18.The Russian Federation refused to expel foreigners in pursuance of a decision if the acts for which they were wanted were not classed as offences under the Russian Criminal Code and if, at the time of the extradition request, the wanted person had been granted citizenship of the Russian Federation. On occasion, the decision was based on the fact that the wanted person had submitted a complaint to the European Court of Human Rights. From 2007 to 2009, 40 persons had addressed such complaints to the European Court, which had declared 30 admissible and had requested suspension of the extradition procedure in application of Rule 39 of the Rules of Court (Interim measures). With regard to the Uzbek citizens wanted for extremist and terrorist acts, the European Court of Human Rights had ruled against Russia in April 2008, considering that their extradition to Uzbekistan was illegal.

19.Ms. Kurunova (Russian Federation), referring to the powers and activities of the Human Rights Commissioner of the Russian Federation and of the Presidential Council on the Development of Civil Society and Human Rights, said that federal legislation on the Commissioner’s status allowed him to approach the judicial authorities directly. The number of complaints lodged with the Commissioner had dropped since 2006, not because the Commissioner had less authority, but because the country’s economy had recovered significantly between 2006 and 2008. With higher incomes, lower unemployment and wages and pensions paid on time, there had been a considerable fall in the number of complaints concerning the violation of citizens’ economic and social rights, which accounted for the majority of complaints addressed to the Human Rights Commissioner. However, there were concerns that the current economic and financial crisis could push those numbers up again. It was also important to note that citizens had better legal education and that the judicial system had become more efficient.

20.The Presidential Council on the Development of Civil Society and Human Rights had been established in 2000 by decree of President Putin, and after a reshuffle in 2009 by President Medvedev, it had been given new impetus. The Council was still chaired by the same person, Ms. Pamfilova. It was a body of experts that advised the President on current events and prepared recommendations and proposals for him.

21.Ms. Levitskaya (Russian Federation) informed the Committee that the Russian Ministry of Education and Science had developed a strategic national programme to promote tolerance and harmony among citizens, with a view to raising awareness among the population, especially young people, of the need for tolerance in a multicultural society. The programme, launched in 2001, provided effective sociocultural tools and techniques for formulating training and retraining methods for teachers. Through that programme, guides on tolerance and prevention of destructive behaviour had been written, and training programmes in tolerance and a spirit of peace had been implemented, targeting government officials, law enforcement personnel, public authorities, the media and persons in charge of educational and vocational training.

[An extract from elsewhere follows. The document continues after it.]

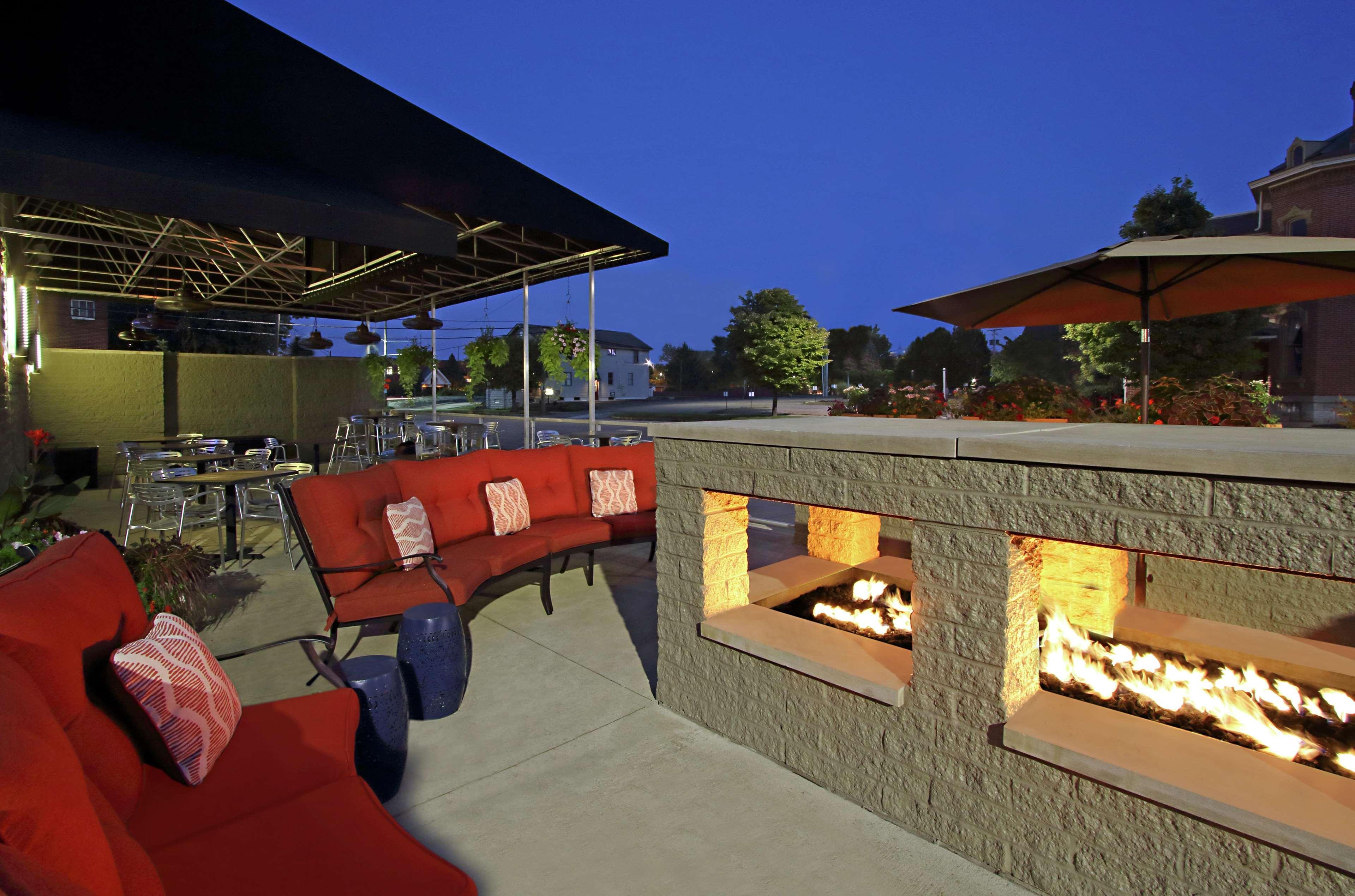 Doubletree By Hilton Newark Hotel Bagian luar foto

The programme would be followed up – a new five-year programme, beginning in 2011, had already been approved.

22.Over the last three years, the Ministry of Education had also set out to establish new education standards, focusing on the multicultural principle of education and ethical and moral education, as well as respect for civic values, traditions and a multidenominational culture, without neglecting personal development. Over the previous five years, a pilot project on a new model of bilingual and multicultural education — a joint effort by the Ministry of Education and UNESCO — had been implemented in one of the constituent entities of the Russian Federation, the Republic of North Ossetia-Alania. Having been assessed by Ministry experts and UNESCO, the experiment would be followed by a large-scale project to be implemented in several regions, including Chechnya and Tatarstan, with a view to devising a multicultural education model for forging national identity, which would be used in schools in the Russian Federation. After the experimental phase, that model would then be applied throughout the Russian Federation. On 1 September 2008, the start of the new school year that coincided with the national Day of Knowledge, President Medvedev had prepared a lesson on tolerance for all Russia’s schoolchildren.

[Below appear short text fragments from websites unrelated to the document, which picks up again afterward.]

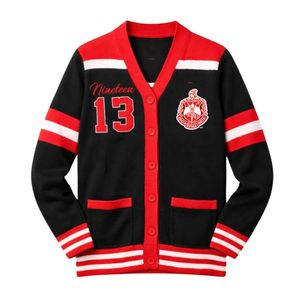 Cardigan in Lana Nero Delta Sigma Theta per Donne, Vestibilità Comoda, Tessuto Premium, Abbigliamento Casual per Confraternite Greche - Product Image 4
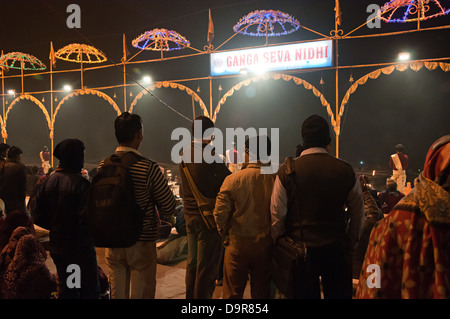 Aarti Zeremonie in den Ghats. Varanasi, Benares, Uttar Pradesh, Indien Stockfoto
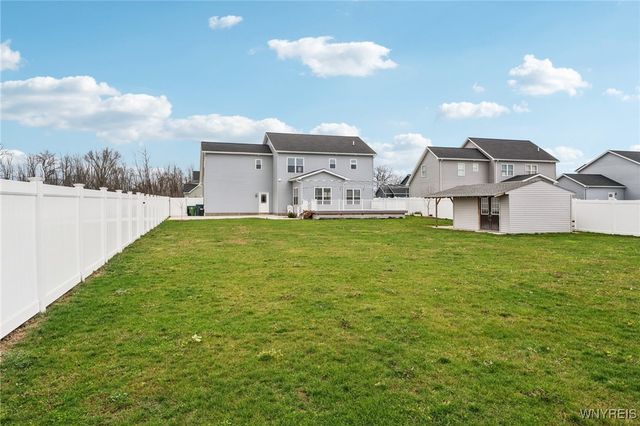 2899 Brookfield Drive, Wheatfield, NY 14132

23.Mr. Matyushkin (Russian Federation) said that considerable progress had been made regarding the rights of disabled persons. The Constitutional Court of the Russian Federation had ruled in the Shtukaturov case, recognizing that previous judicial decisions on the psychiatric internment of the individual concerned had been unconstitutional. The case had been reopened and was in progress, which proved that it was possible to have cases reviewed. It should be noted that there was draft legislation to amend the Code of Civil Procedure and the law on psychiatric assistance.

24.The international community had recognized that, in August 2008, Russian peacekeeping forces in South Ossetia had been attacked by Georgia. When the Russian troops had retaliated and the Georgian troops had begun to fall back, that had created a vacuum, with all the Russian soldiers at the front line. The alleged perpetrators of human rights violations that were said to have been committed behind the front had been handed over to the Ossetian authorities. The allegations of such violations perpetrated by military personnel were being dealt with by the competent authorities. The Russian Federation had already provided a detailed written account of the violations committed by Georgia during the conflict. One thousand eyewitness reports from Ossetians had been submitted to the European Court of Human Rights and to the International Court of Justice for consideration. Concerning the return of ethnic Georgians, the Russian Federation recognized the right of return for refugees, provided that three conditions were met: return must be voluntary, secure and dignified. Talks involving all concerned parties, known as the Geneva discussions, were under way. With regard to the humanitarian aspect, ethnic Georgians residing in the Russian Federation continued to play an important role in the life of the community, in business, art, culture, sports and even in the civil service, and there was no evidence of discrimination against them. During the conflict, the Georgian school on Rustaveli Street in Tskhinvali, the capital of South Ossetia, had remained open and was still running, which was testimony to the tolerance that existed within the society. It would, nevertheless, take many years to heal the wounds caused by the political adventurism of some.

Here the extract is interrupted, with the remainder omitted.